_Dataset entries_
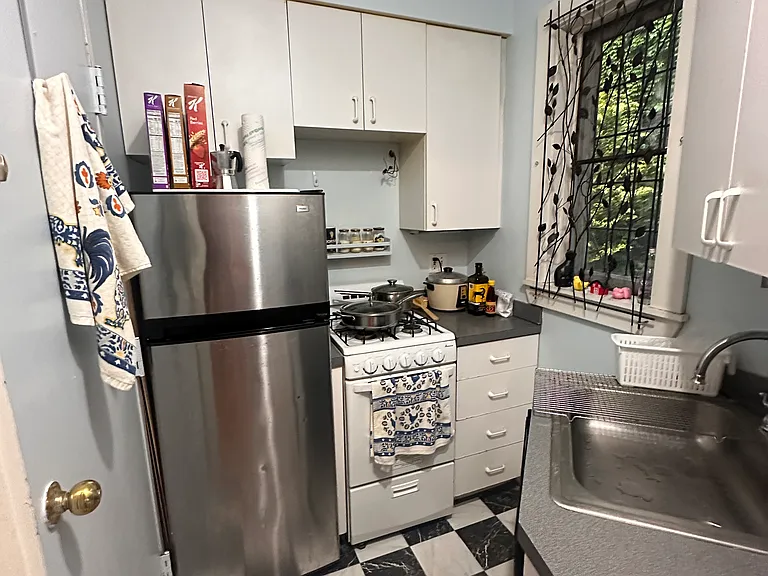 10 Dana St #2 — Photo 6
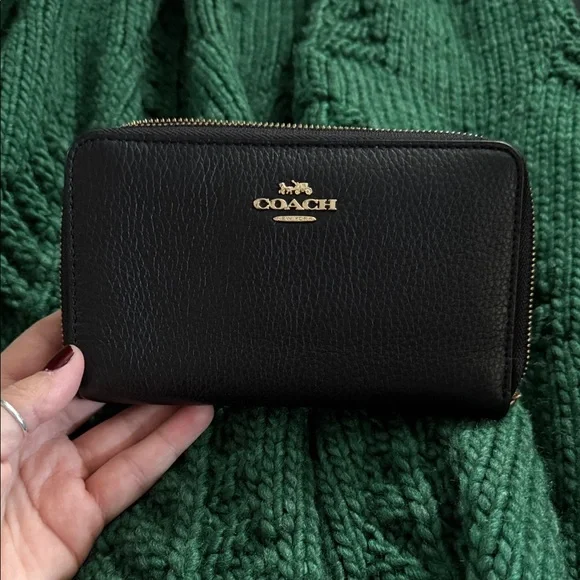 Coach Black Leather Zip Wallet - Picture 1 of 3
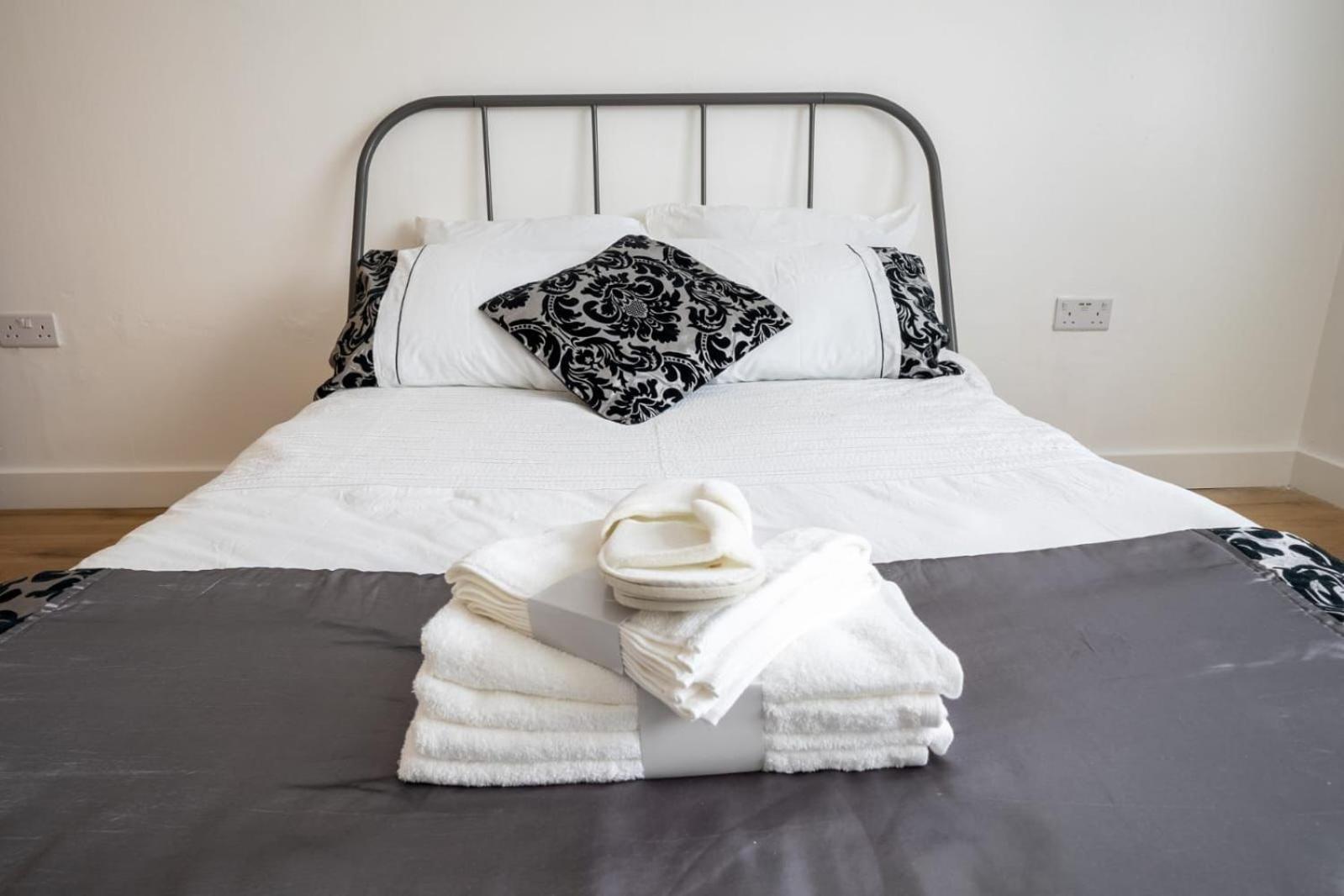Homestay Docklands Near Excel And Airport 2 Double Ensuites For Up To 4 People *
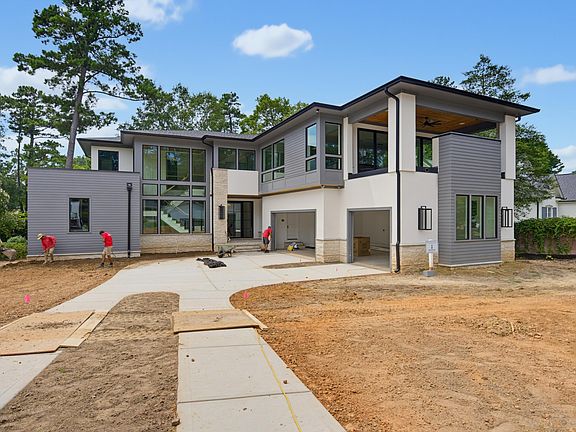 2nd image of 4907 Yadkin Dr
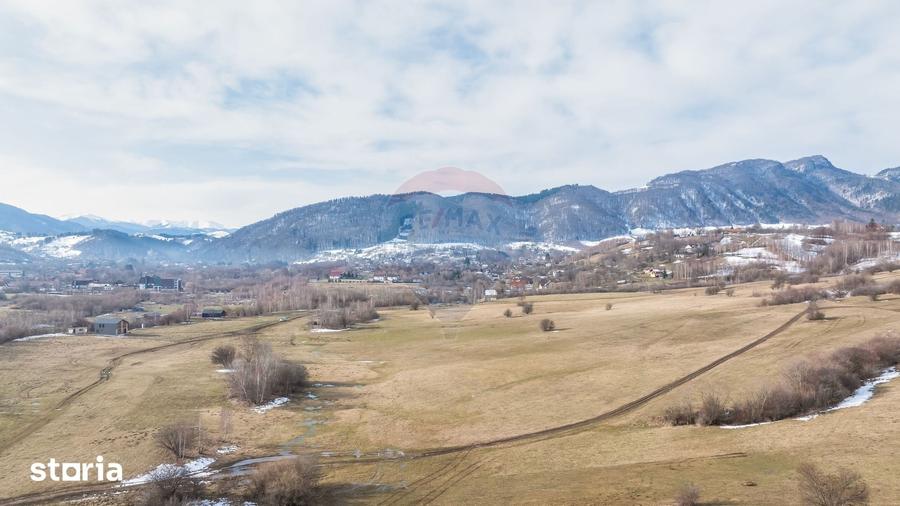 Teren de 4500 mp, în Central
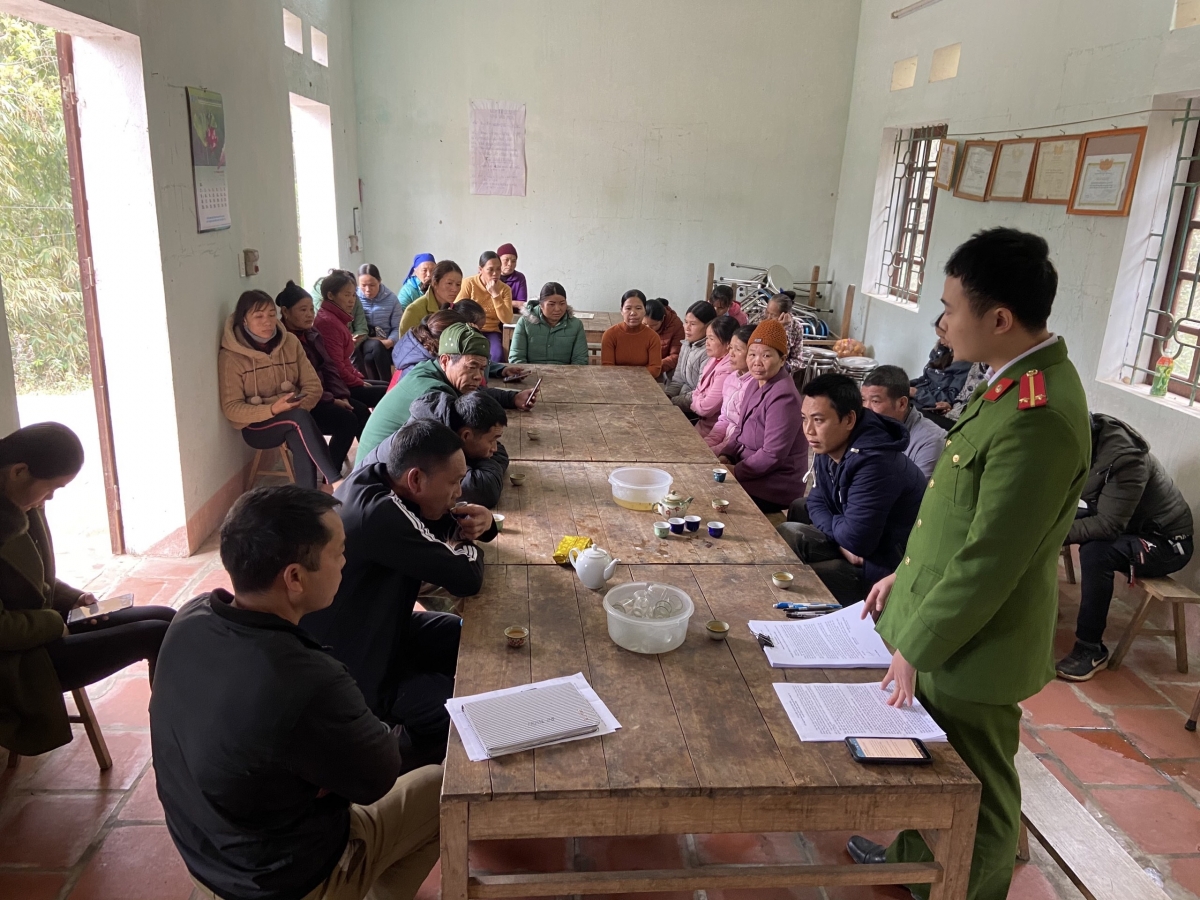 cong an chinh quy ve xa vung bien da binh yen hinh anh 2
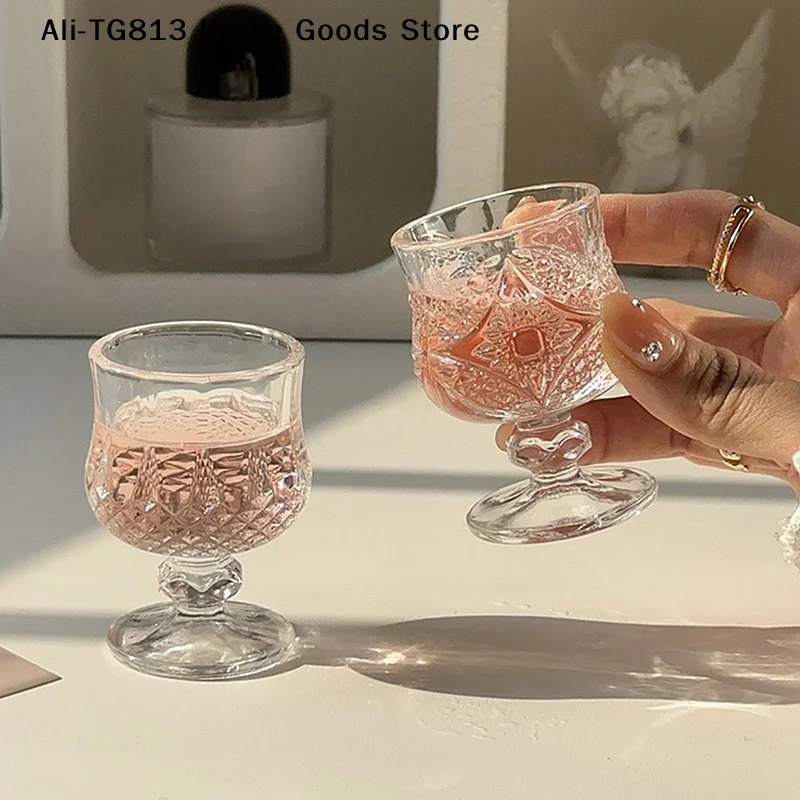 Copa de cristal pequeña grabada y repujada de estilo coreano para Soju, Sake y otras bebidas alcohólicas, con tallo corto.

---

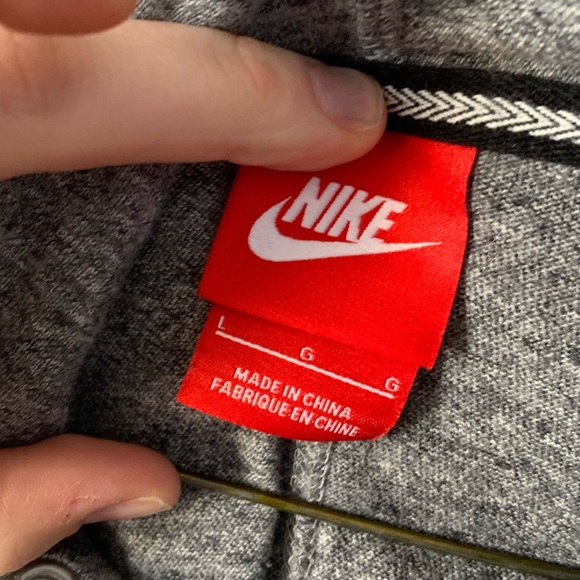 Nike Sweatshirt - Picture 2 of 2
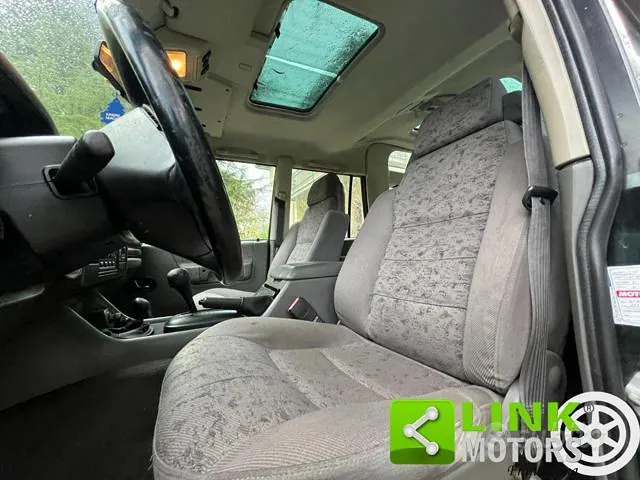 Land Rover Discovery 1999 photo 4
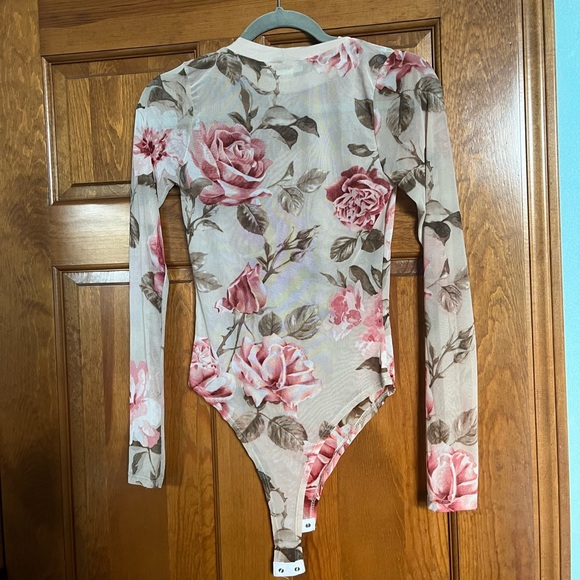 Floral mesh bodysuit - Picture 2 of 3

--

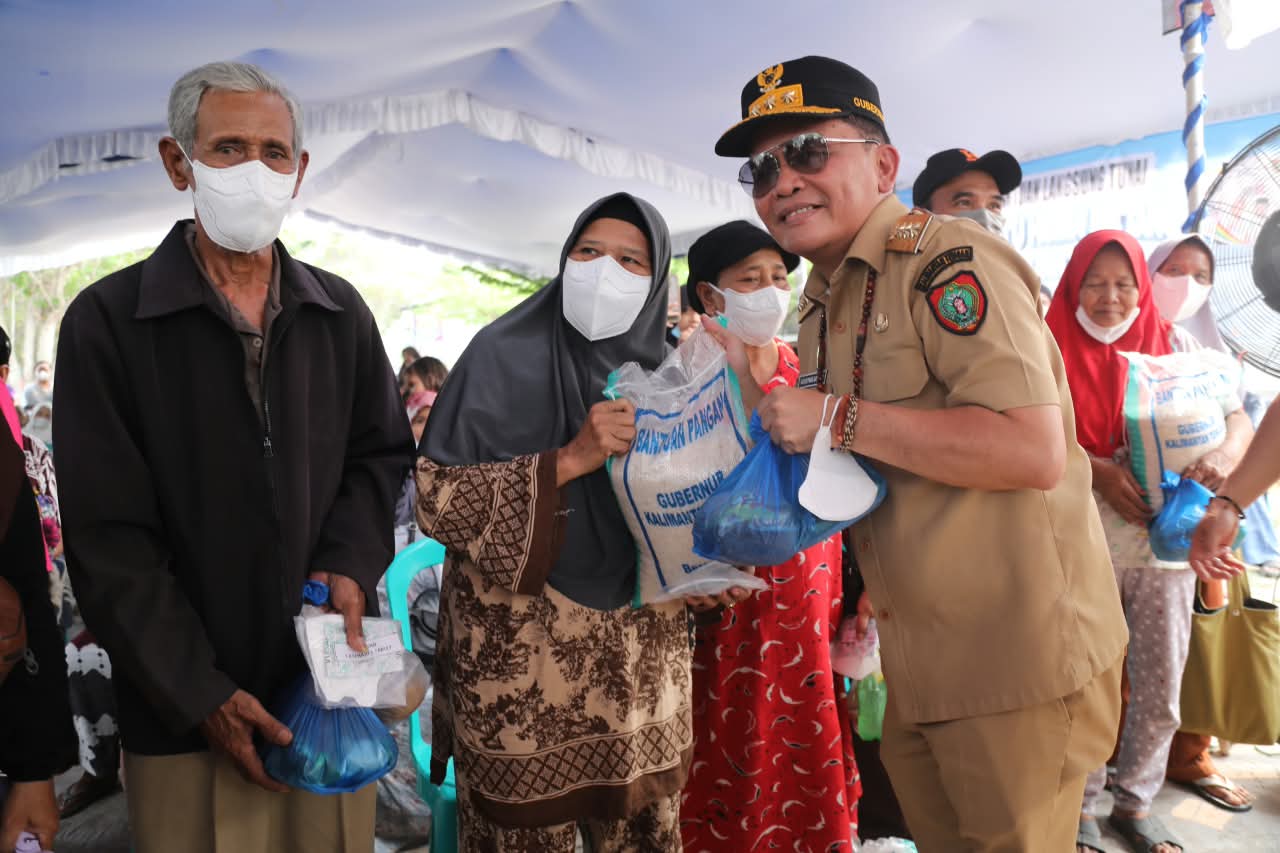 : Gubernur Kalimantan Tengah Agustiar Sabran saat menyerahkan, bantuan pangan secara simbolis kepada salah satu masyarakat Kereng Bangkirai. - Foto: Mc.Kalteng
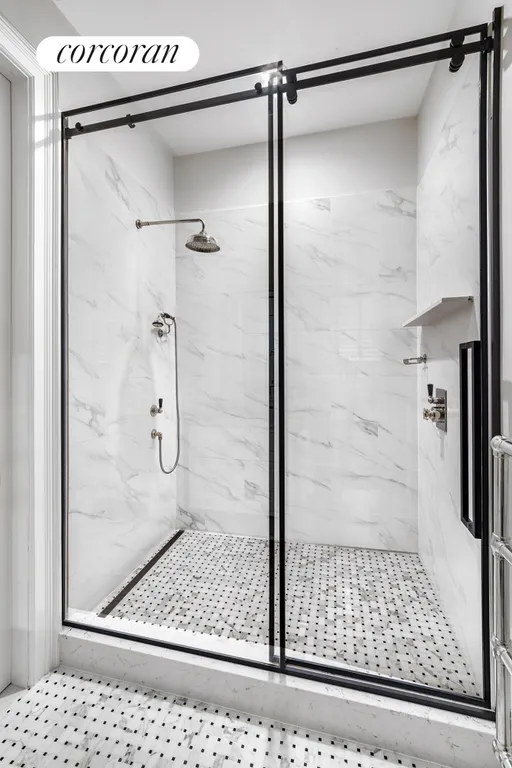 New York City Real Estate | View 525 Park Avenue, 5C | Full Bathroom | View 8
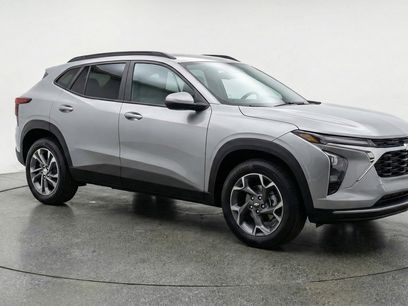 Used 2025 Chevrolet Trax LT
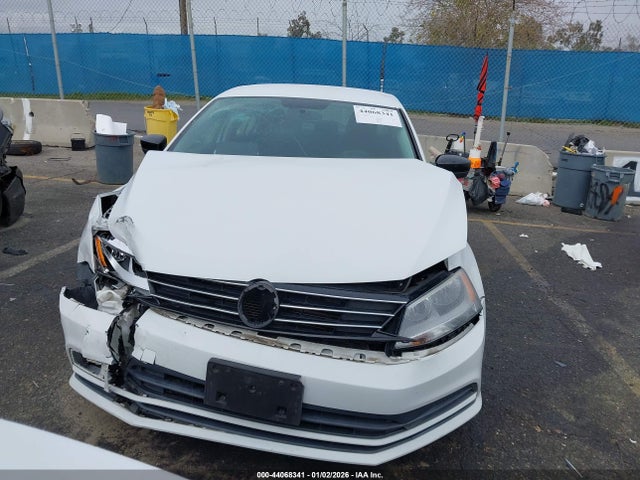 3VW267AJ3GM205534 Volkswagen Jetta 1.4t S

_Exercise brief_
With the pictures omitted, copy the entries above exactly from the line containing "- Foto: Mc.Kalteng" through the line containing "3VW267AJ3GM205534 Volkswagen Jetta 1.4t S", both lines included.

_Solved exercise_
 : Gubernur Kalimantan Tengah Agustiar Sabran saat menyerahkan, bantuan pangan secara simbolis kepada salah satu masyarakat Kereng Bangkirai. - Foto: Mc.Kalteng
 New York City Real Estate | View 525 Park Avenue, 5C | Full Bathroom | View 8
 Used 2025 Chevrolet Trax LT
 3VW267AJ3GM205534 Volkswagen Jetta 1.4t S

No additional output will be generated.